WHAT IS BEING ASKED: Starting at the first line of the records and stopping at the line that contains "Felt so good", transcribe every line exactly and leave out the pictures.

STORED DATA:
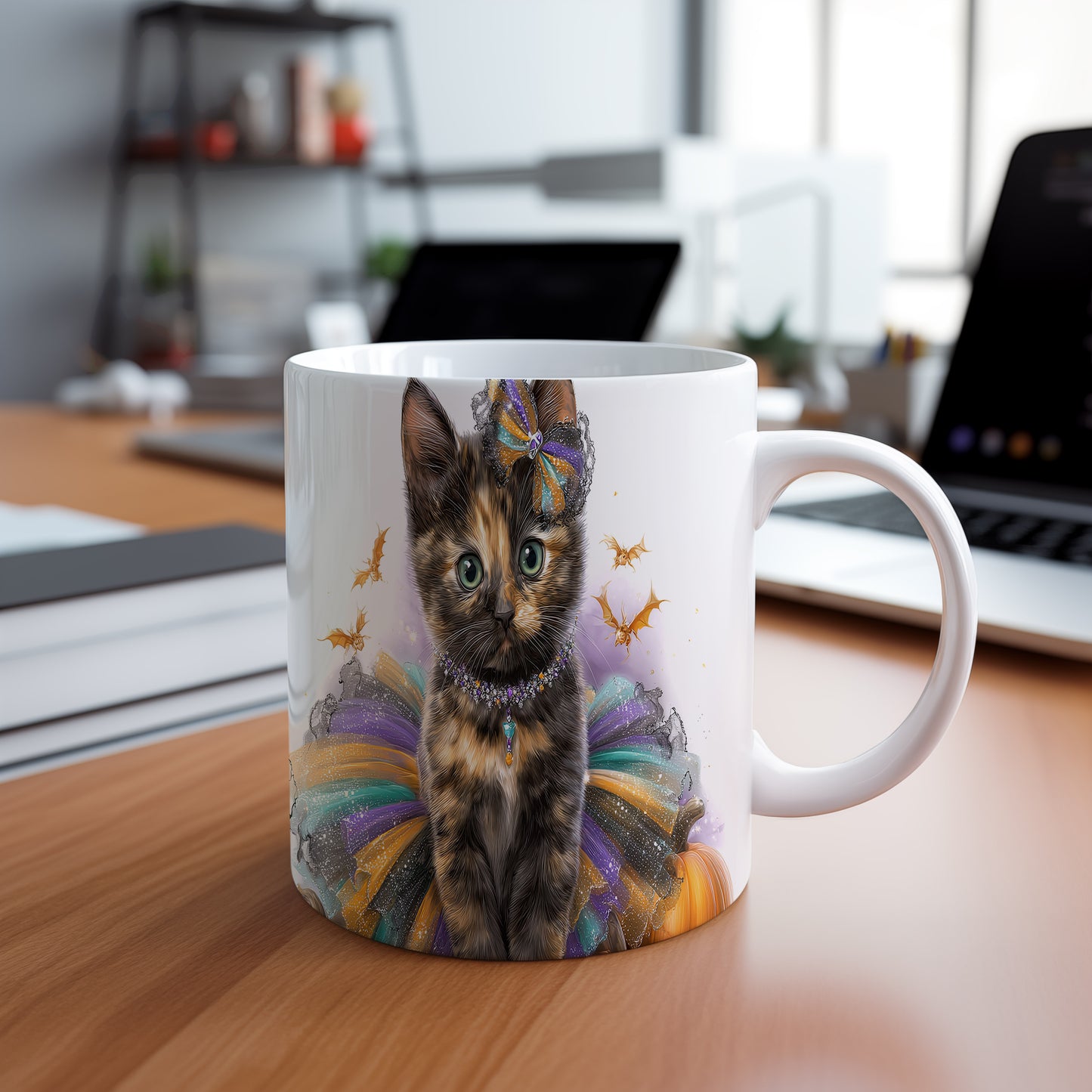 Hrnek s veselou kočičkou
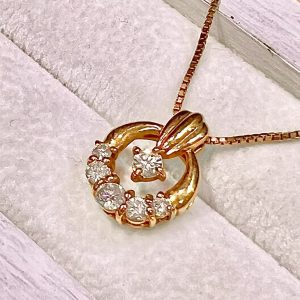 K18 メレダイヤモンド0.30ct ネックレス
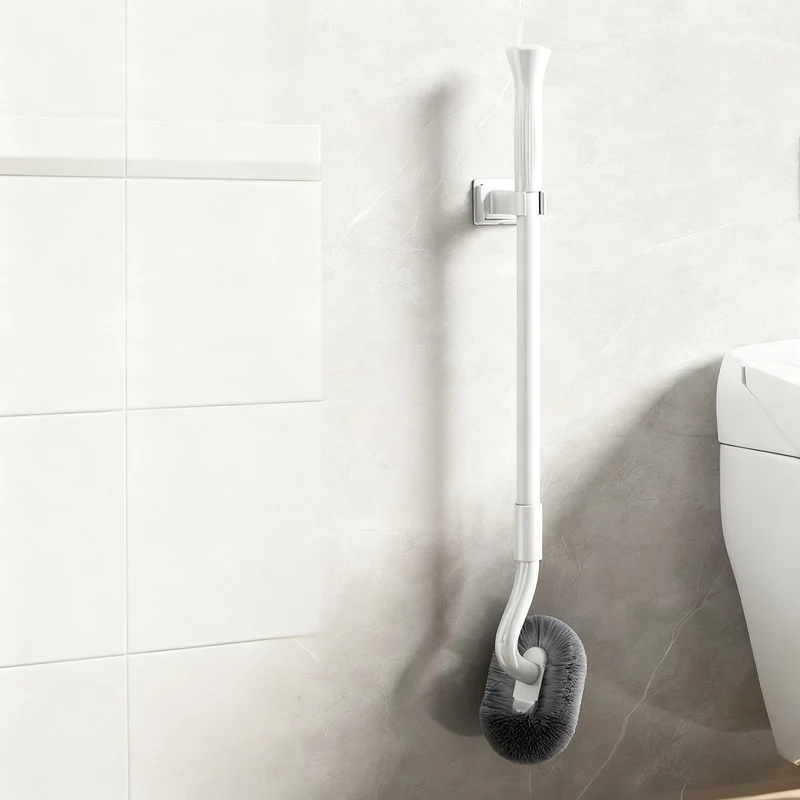 Toilet brush with long handle, extendable up to 115 cm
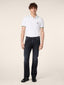 Jean Eduard en denim super stretch noir, coupe droite, 5 poches, denim brut (lavage par rinçage) | Jacob Cohën | Details 3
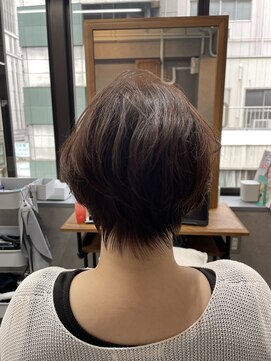 レポゼ 日本橋室町(Repose) repose.hair/テラコッタ/ミニウルフ/くすみブルー[日本橋駅]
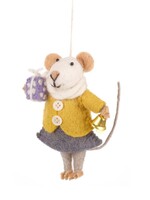 Felt so good Kersthanger Agnes mouse - Handmade & Biodegradable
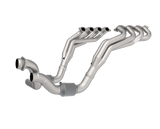 Kooks 20-22 Ford F250 7.3L V8 / Ford F350 7.3L V8 1-7/8in x 3in SS Headers w/ H.O. Green Catted Conn - 1400H440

RESPONSE AREA:
 Hrnek s veselou kočičkou
 K18 メレダイヤモンド0.30ct ネックレス
 Toilet brush with long handle, extendable up to 115 cm
 Jean Eduard en denim super stretch noir, coupe droite, 5 poches, denim brut (lavage par rinçage) | Jacob Cohën | Details 3
 レポゼ 日本橋室町(Repose) repose.hair/テラコッタ/ミニウルフ/くすみブルー[日本橋駅]
 Felt so good Kersthanger Agnes mouse - Handmade & Biodegradable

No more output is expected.